Part B Insider (Multispecialty) Coding Alert

TELEMEDICINE:

Telemedicine, Regular Medicine Both Have Same Result

What's the difference between counseling someone on managing her diabetes via video and in person?

Not much, according to the American Diabetes Association's Diabetes Care magazine. The April issue of the magazine features a study comparing the two methods of providing diabetes education by a team led by SUNY Upstate Medical University researcher Roberto Izquierdo.

Izquierdo's team divided a group of 56 diabetic adults into a telemedicine group and an in-person group, and gave both groups three consultations with nurses and nutrition counselors. They compared the two groups based on glycemic control and questionnaires regarding satisfaction and psychosocial functioning.

They found that diabetic education via telemedicine was as effective as in-person education. The telemedicine group reported high satisfaction. Both groups had the same success in changing behavior and had similar improvements in their glycemic control.

"In many areas, people with diabetes live too far away from or do not have the transportation to be able to attend comprehensive education programs," the study says. "In addition, low-income patients with diabetes who are often treated in public healthcare systems frequently experience access problems."

Diabetes is one of the main areas that telemedicine providers are targeting, says Mike Lemnitzer, senior vice president with Eden Prairie, Minn.-based American Telecare. Fortunately, Medicare is starting to pay for telemedicine in some cases, with more apparently on the way.

American Telecare is helping with Medicare's largest telemedicine demonstration project, addressing diabetes. Led by Columbia University, the four-year, $28 million project is in its final year, with 1,500 patients taking part. The 750 non-control group patients each have a video-based system that checks blood pressure and blood glucose and takes pictures of skin and feet to search for signs of infection and other complications.
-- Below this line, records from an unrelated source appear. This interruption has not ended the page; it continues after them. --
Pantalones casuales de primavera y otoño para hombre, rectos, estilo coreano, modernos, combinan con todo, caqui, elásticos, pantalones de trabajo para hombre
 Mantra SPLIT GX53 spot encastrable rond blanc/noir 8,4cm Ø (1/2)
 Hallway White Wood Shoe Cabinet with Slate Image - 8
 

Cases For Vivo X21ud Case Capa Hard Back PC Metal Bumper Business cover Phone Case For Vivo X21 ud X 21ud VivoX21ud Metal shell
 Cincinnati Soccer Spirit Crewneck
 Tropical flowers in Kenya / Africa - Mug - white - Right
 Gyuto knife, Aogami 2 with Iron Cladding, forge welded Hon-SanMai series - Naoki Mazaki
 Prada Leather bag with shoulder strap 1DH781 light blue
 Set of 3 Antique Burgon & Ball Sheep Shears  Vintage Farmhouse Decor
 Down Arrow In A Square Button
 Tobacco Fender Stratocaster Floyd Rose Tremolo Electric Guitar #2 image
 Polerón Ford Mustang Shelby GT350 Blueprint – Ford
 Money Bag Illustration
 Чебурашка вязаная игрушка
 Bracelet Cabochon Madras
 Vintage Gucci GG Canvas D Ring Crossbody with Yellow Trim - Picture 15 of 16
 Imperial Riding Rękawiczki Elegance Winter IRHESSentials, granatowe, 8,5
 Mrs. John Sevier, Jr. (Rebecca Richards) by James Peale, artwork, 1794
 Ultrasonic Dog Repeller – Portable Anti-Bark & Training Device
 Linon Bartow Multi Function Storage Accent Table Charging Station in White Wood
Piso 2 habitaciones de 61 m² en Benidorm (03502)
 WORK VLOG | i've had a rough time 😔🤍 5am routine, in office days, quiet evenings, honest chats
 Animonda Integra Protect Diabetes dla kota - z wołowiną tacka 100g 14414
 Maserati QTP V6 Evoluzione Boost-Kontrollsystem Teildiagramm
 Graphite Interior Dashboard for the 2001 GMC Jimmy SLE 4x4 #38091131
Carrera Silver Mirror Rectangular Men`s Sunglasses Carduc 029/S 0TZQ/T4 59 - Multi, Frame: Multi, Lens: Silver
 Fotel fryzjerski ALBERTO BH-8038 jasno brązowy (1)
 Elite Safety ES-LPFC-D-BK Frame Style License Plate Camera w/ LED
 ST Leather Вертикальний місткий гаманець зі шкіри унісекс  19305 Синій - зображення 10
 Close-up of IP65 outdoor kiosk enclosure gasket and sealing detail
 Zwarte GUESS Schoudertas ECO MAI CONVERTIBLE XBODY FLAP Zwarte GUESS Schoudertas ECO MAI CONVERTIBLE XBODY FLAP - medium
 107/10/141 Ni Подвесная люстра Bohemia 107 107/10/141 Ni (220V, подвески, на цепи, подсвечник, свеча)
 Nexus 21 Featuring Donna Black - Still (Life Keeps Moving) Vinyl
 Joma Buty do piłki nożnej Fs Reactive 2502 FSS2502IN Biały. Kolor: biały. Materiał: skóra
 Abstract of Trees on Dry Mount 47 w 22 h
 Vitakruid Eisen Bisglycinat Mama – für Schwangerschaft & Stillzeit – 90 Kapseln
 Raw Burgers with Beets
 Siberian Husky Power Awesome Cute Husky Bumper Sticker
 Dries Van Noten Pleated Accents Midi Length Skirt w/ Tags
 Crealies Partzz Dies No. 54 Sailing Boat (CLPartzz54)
If a patient's data vary from the "care guidelines," the system will alert a physician or nurse.

The biggest hurdle to acceptance for diabetes telemedicine is that it can take five years before payers see the financial benefits of their investment because diabetes is a chronic disease, Lemnitzer says.

With American Telecare's systems, nurses or doctors can link with the patient via video and make sure he's using the correct medications and insulin dosage. The system can generate a report for physicians that shows the patient's vital signs during the past week based on regular tests that the patient can administer.

Since October 2001, physicians have been able to receive 100 percent reimbursement for video interactions with rural patients (those not in metropolitan statistical areas), Lemnitzer says. This must involve actual two-way video interaction, he says.